Aggregations: sum, count, min, max, avg lower to inlined reduces. mochiAvg(xs) is a runtime helper because avg over bigints wants exact rational return type (the Mochi spec defines avg as int -> float for now; the emitter emits Number(sum) / xs.length).
Sub-phase 7.4, Top-K
Decisions made (7.4)
@mochi/runtime/query/heap: hand-rolled min-heap, roughly 80 LOC of TS:
export class MinHeap<T> {
private buf: T[] = [];
constructor(private readonly cmp: (a: T, b: T) => number) {}
size(): number { return this.buf.length; }
peek(): T | undefined { return this.buf[0]; }
push(v: T): void { /* sift up */ }
pop(): T | undefined { /* swap, sift down */ }
}
top-K lowering: [x for x in xs order by f(x) limit K] lowers to a single pass that maintains a K-size min-heap (over the (-key, value) for top-K-largest) and emits the heap contents at the end.
Choice vs full sort: emitter uses heap when K < len(xs) / 4 (heuristic), otherwise falls back to .toSorted((a, b) => cmp(a, b)).slice(0, K).
Sub-phase 7.5, Async sources
Decisions made (7.5)
AsyncIterable<T>: Mochi stream<T> lowers to AsyncIterable<T> (Phase 10 lands the full stream surface). The query DSL pipes async sources through Iterator.fromAsync(asyncSource).filter(...).map(...).

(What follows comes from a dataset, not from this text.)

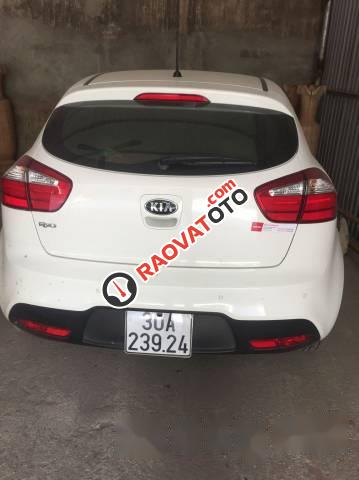 Cần bán gấp Kia Rio đời 2014, màu trắng chính chủ-3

For-await fallback: when the IR signals an async source plus a synchronous consumer that wants the full result, the emitter emits a manual for await accumulator. Iterator.fromAsync is TC39 Stage 4 in ES2024.

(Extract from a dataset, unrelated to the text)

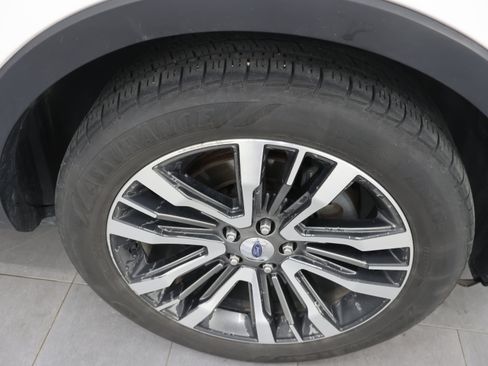 Used 2016 Ford Explorer Platinum AWD/4WD image 3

Backpressure: for await is naturally pull-based; the producer awaits the consumer at each iteration. No queue is interposed (the agent's queue from Phase 9 handles cross-task buffering separately).
Files (planned)
| File | Purpose |
|---|---|
transpiler3/typescript/lower/query.go | Comprehension and query DSL lowering; iterator-helper vs Array.prototype choice |
transpiler3/typescript/lower/joins.go | Hash / merge / nested-loop join lowering; strategy selection from IR |
transpiler3/typescript/lower/groupby.go | Map.groupBy emission and aggregation inlining |
transpiler3/typescript/lower/topk.go | Top-K min-heap emission and full-sort fallback |
runtime3/typescript/src/query/heap.ts | MinHeap<T> for top-K |
runtime3/typescript/src/query/aggregations.ts | mochiSum, mochiCount, mochiAvg, etc. |
transpiler3/typescript/build/phase07_test.go | TestPhase7Query |
tests/transpiler3/typescript/fixtures/phase07-query/ | 40 fixtures |
Test set
TestPhase7Query, 40 fixtures four-runtime.TestPhase7QueryBudget, the runtime'squery/sub-path stays under 1 KB gzipped.TestPhase7QueryPerf, a 1M-row representative joins fixture completes within 2x vm3 wall-clock baseline.
Deferred work
- arquero, danfojs, duckdb-wasm, polars-js. All rejected per [[08-dataset-pipeline]] §12.
- Window functions (
row_number() over (partition by k order by t)). Phase 7 ships group-by only; window functions are a v1.5 candidate. - Distributed query (sharded over multiple workers). Not in MEP-52 scope.